The parking lot at the Gilroy Unified School District’s Christopher High School, which is less than 10 years old, is not being repaved, only the GHS lot will is being torn up and replaced as part of the project.
James Bombaci, GUSD’s facilities manager is overseeing the project.
He said this week that everything is on schedule for completion by the time the 2017-18 school year starts on Aug. 17, and that the scheduled might even be “tightened a bit.”
That the GHS re-paving project was necessary is no secret. Originally scheduled to be done last summer, the bankruptcy of one of the solar power companies involved in the project delayed its start by a year.

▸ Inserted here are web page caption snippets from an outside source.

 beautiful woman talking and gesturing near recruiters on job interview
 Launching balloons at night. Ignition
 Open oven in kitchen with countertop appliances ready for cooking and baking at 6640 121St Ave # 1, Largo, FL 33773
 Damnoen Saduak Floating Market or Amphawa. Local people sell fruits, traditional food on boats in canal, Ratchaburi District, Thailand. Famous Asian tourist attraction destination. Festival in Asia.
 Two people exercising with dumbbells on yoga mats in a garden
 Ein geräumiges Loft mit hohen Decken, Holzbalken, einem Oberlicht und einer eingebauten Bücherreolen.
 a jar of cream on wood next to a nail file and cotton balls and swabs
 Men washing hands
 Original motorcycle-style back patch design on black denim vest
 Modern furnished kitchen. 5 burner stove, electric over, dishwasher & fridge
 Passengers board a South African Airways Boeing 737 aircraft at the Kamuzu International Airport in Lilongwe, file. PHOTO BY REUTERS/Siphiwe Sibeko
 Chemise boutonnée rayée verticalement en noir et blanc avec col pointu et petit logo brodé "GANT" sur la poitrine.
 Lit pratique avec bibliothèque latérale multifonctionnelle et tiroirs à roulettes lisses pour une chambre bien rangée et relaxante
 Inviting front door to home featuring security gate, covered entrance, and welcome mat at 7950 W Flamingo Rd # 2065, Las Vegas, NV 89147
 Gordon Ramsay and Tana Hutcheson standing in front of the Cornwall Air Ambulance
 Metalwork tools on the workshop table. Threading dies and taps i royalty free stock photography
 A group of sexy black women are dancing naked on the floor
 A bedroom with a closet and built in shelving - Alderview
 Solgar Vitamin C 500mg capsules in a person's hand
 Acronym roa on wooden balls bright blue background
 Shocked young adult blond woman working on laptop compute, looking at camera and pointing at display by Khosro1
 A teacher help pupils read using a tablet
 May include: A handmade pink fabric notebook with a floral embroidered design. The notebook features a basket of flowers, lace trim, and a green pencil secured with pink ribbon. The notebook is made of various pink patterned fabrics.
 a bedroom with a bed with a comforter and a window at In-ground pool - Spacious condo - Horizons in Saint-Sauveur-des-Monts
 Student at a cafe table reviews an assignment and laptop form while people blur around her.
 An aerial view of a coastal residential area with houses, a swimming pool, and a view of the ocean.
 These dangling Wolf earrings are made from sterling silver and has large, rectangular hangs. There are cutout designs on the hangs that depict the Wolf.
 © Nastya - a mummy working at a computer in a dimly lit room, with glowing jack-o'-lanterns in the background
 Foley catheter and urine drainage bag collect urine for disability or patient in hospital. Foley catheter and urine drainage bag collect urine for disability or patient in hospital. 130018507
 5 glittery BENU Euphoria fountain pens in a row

“The parking lot was in 100 percent failure,” Bombaci said. The pavement of the pothole flecked lot was also experiencing extreme “alligatoring,” according to Bombaci, a situation where the asphalt develops a deeply rippled surface.
Granite Construction Company is the contractor for the paving work at GHS and Borrego Solar will erect and install the solar arrays that will splay out over the two high school lots.
The adjoining tennis and basketball courts at GHS will not be impacted by the project and the parking lot will be the same size when the work is completed.
However, because space is taken up by the solar installation, the lot will lose several parking stalls, according to Bombaci.
One of the improvements that will come with the project involves the single entrance and exit on Princevalle Street.
The new lot will boast two exit lanes, one that will be left-hand only and the other right-hand-only, and two entrance lanes, Bombaci said.
The paving at GHS and the two high school solar installations will be done at no cost to GUSD, under a solar power-funding plan called a PPA, or Power Purchase Agreement, Assistant Superintendent Alvaro Meza said this week.
According to the Solar Energy Industries Association, or SEIA, a PPA “is a financial agreement where a developer arranges for the design, permitting, financing and installation of a solar energy system on a customer’s property at little to no cost.”
It works like this, according to SEIA: “The developer sells the power generated to the host customer at a fixed rate that is typically lower than the local utility’s retail rate. This lower electricity price serves to offset the customer’s purchase of electricity from the grid while the developer receives the income from these sales of electricity as well as any tax credits and other incentives generated from the system.”
As is true with most PPAs, Gilroy’s will go on for decades, during which time the developer, Borrego Solar, is responsible for running and maintaining the system, according to district officials.
“At the end of the PPA contract term, a customer may be able to extend the PPA, have the developer remove the system or choose to buy the solar energy system from the developer,” according to SEIA.
The installation of solar arrays over the parking lots will result in a lot more than just savings on energy bills, according to school officials.
The installations will provide more shelter, lighting and security for students, staff and anyone visiting the schools, they say.